I’ve been thinking a lot about this because, you know, God willing and with good luck, you know, maybe a couple of months from now where we’re getting back to normal. And we can’t forget the lessons that we’ve learned. And my God, have we learned some lessons. But let me offer up three really big ones.

Number one, we got to be a lot more serious than we’ve ever been about preparation. You know, it’s the classic conundrum, right? You know, you don’t want to pay for that fire extinguisher that sitting, you know, underneath your cabinet in the in the kitchen, you know, because you what you’d rather spend that money on, you know, entertainment or food or whatever. Well, you know what? When you need it, you need it. And you better not fail to take that seriously. And we failed to take this seriously at pretty much every level, most notably at the White House, where they had good information, where they had the power, you know, starting in late January to say, boy, we better buckle down. And it’s not even just January, right? I mean, you know, we lost, you know, 3000 Americans on 9/11 and we subsequently have spent trillions of dollars in the fight against terrorism. You know, now we’ve lost approaching 60,000 Americans, right? Are we going to three months from now, are we going to forget about this and not spend a dime on better health care, on better access to health care? So that’s number one.

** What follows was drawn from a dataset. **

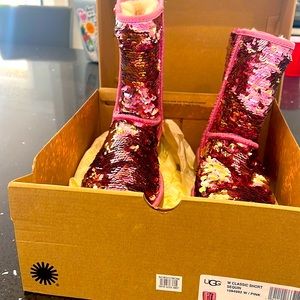 UGG classic short sequin boots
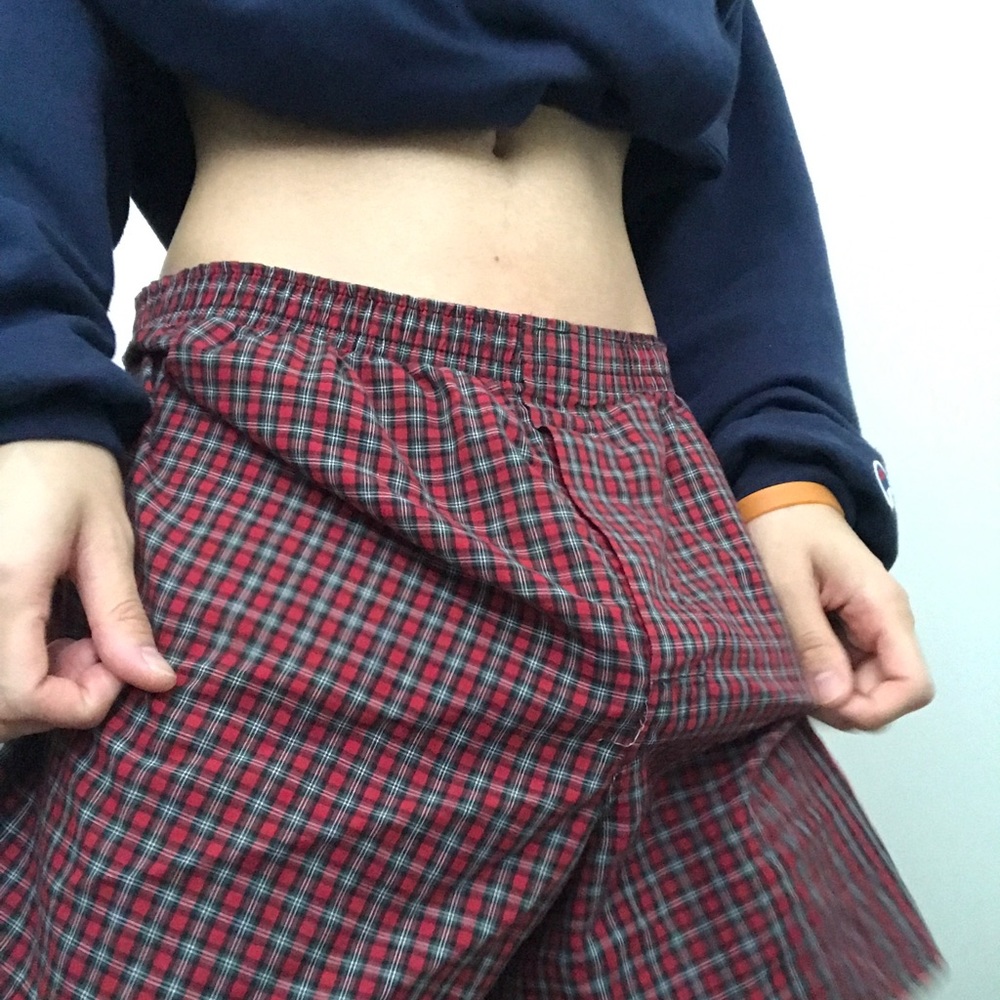 Red plaid boxers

We got to think smart about the risks that we face, what’s really killing Americans and how we address that. Which leads me to my second thought. You know, one of the truly awful things that this coronavirus has uncovered, it’s something that we knew, John, but it’s the unbelievable disparities in access to health care. And the numbers are the numbers are not yet certain. So I don’t want to give you a super specific numbers. But you know what? If you’re black and poor in this country, if you’re Latino, if you’re an immigrant, you are far more likely to die of COVID-19 than if you’re Jim Himes or John Dankosky, you know, with good access to health care. And that just— look, if nothing else, that’s morally wrong.

Third thing, you know, you asked a really interesting question. What can we do to better support our small businesses? You know, there’s a lot we can do to better support our small businesses. We can train people better. We can educate people better. We can give them better access to capital markets. But here’s lesson number three for me. We can’t be in the business of perpetually bailing out the private sector, right? I’ve been doing this for a relatively short period of time, about a decade. And in that decade, I’ve watched two absolutely massive bailouts of the private sector. In 2009, 2008, billions and billions of dollars went to the banking sector. Just last week, billions of dollars go to the airline sector.

Now, now, I understand coronavirus is a little different than the financial services crunch because, you know, we decided to shut down the economy a couple of weeks ago. But nonetheless, look, you know, market economies don’t work if business people believe that they can take really huge risks, not keep a lot of cash on hand, spend that cash on dividends and stock repurchases, whatever it might be. And you know what? When things get ugly, the government will be there to bail me out. We just got to get away from that sort of mindset in our market economy.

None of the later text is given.